The dirty secret of the proposed prescription drug “benefit” is that it would displace existing private-sector drug coverage for millions of seniors. About 78 percent of older Americans now have drug coverage, either through private insurance or plans sponsored by former employers as part of a retirement package.

The Congressional Budget Office estimates that 37 percent of retired employees who now have employer-sponsored health coverage would lose it if this new program were enacted. The new “benefit” would in many cases be more expensive and less comprehensive than what they had before. For those dependent on prescription drugs, that could be more serious than a mere inconvenience.

The other problem, of course, is that a Medicare prescription drug benefit would be a massive new entitlement program of unknown cost. Estimates put the cost at $400 billion over 10 years, or about $40 billion per year, but in fact nobody knows what it would really cost. Every early estimate of Medicare costs has been well below the actual cost.

To begin such a program when the federal government is running deficits again, when spending is increasing by 12.5 percent a year (compared to 2.4 percent a year during the Clinton years), would be the height of irresponsibility.

A few conservatives thought this might be acceptable if they could get the overall Medicare program reformed. They proposed copying the Federal Employees Health Benefits Program, which offers federal employees a choice among a wide range of health plans, with the government paying a fixed amount toward the premium and employees having the option of paying more for more comprehensive coverage. Senate Democrats object, calling that “privatization.” Invoking that word apparently obviates the need for actual argument.
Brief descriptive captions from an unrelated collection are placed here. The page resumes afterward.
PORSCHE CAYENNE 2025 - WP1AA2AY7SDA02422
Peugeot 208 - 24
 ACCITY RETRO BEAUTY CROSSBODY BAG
The House-Senate conference committee proposed a “demonstration project” of this proposal. However, as Robert Moffit, director of the Heritage Foundation’s Center for Health Policy Studies, said (citing numerous examples), demonstration projects in Medicare “more often kill reform than facilitate it.”

Congressional Republicans should be content to let this proposal die. They should also let the White House know they’re tired of half-baked proposals offered for short-term political gain.